Sahel Global Desert Energy, housed at  No 65 Tudun Wada Soro, the lawmaker’s birthplace, was paid more than N20 million in two installments for the construction of a maternity and child health clinic at Gabciyari. A WikkiTimes investigation shows that the hospital was never constructed.

This medium found that  Sahel Global Desert Energy was paid another N10.1 million (N10,177,316.89) on Feb, 19 2021 with payment code of 1000761889-11 for the construction and equipping of maternal and child health clinic with staff quarters at Gabciyari ward, Darazo LGA, Bauchi State.

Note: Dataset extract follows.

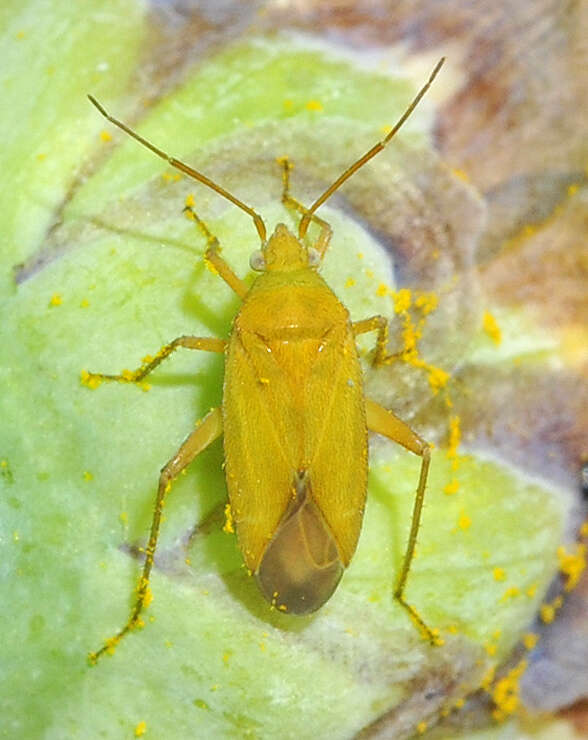 Слика од Megalocoleus bolivari (Reuter 1879)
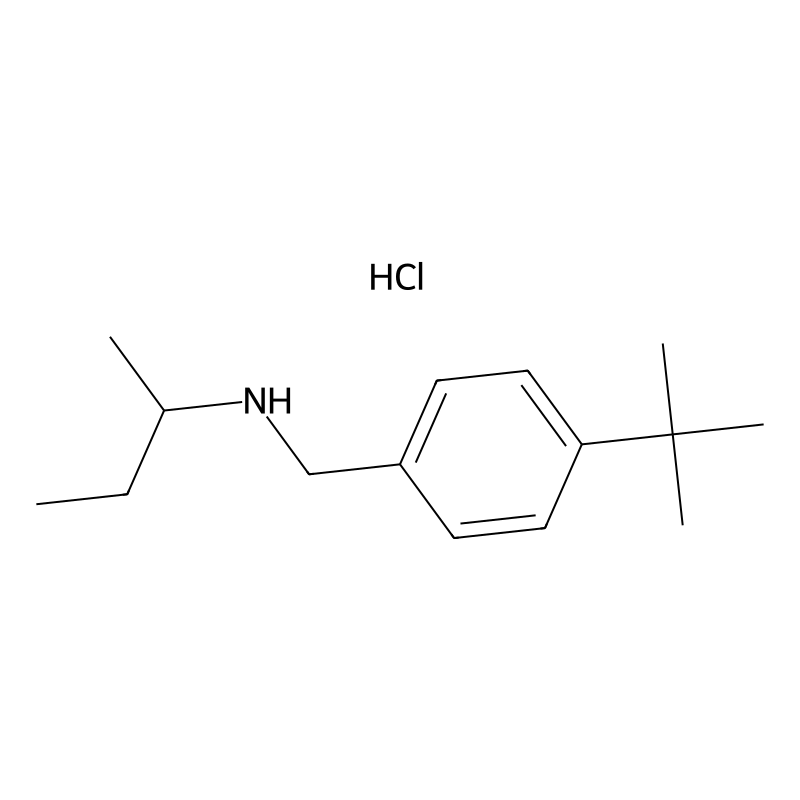 (Butan-2-yl)[(4-tert-butylphenyl)methyl]amine hydr...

On July 29, 2021, the same company  also received another tranche of N10m (N10,072,941.73) with payment code of 1000838056-17 for the same construction of maternal and child health at Gabciyari. Cumulatively, it received the sum of  N20 million (N20,250,258.62)  in two installments for a maternity project that dissipates into the thin air.

Mansur Manu Soro
Mansur Manu Soro

When WikkiTimes visited Gabciyari, hospital staff and locals told our correspondent that they knew nothing about the project. Multiple sources that spoke with our reporter said the contractor only came, inspected the site and never returned.

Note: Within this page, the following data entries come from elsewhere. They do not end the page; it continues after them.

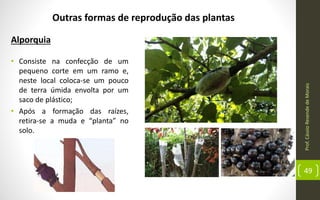 Prof.CássioResendedeMorais
49
Outras formas de reprodução das plantas
Alporquia
• Consiste na confecção de um
pequeno corte em um ramo e,
neste local coloca-se um pouco
de terra úmida envolta por um
saco de plástico;
• Após a formação das raízes,
retira-se a muda e “planta” no
solo.
 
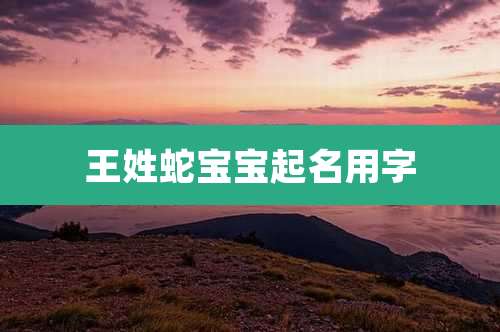 王姓蛇宝宝起名用字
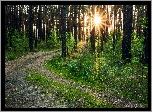 Las, Słońce, Droga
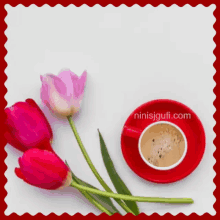 Flowers Tulips GIF - Flowers Tulips Coffee GIFs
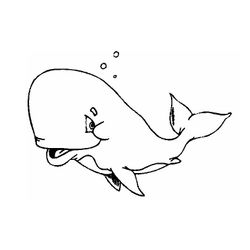 Ballena #1276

Locals told WikkiTimes that Gabciyari already has a comprehensive primary healthcare centre that was renovated under EU-UNICEF intervention in 2021-the same year Sahel Global Desert Energy was paid money for the construction of a new facility in the same location.

“He (the contractor) only came when we heard that a new facility will be built to us. We took him round the old site and he said it is okay. Since then, we never heard of anything until this your (WikkiTimes reporter) visit”, said one of the health workers who took  WikkiTimes’ reporter round the proposed project site.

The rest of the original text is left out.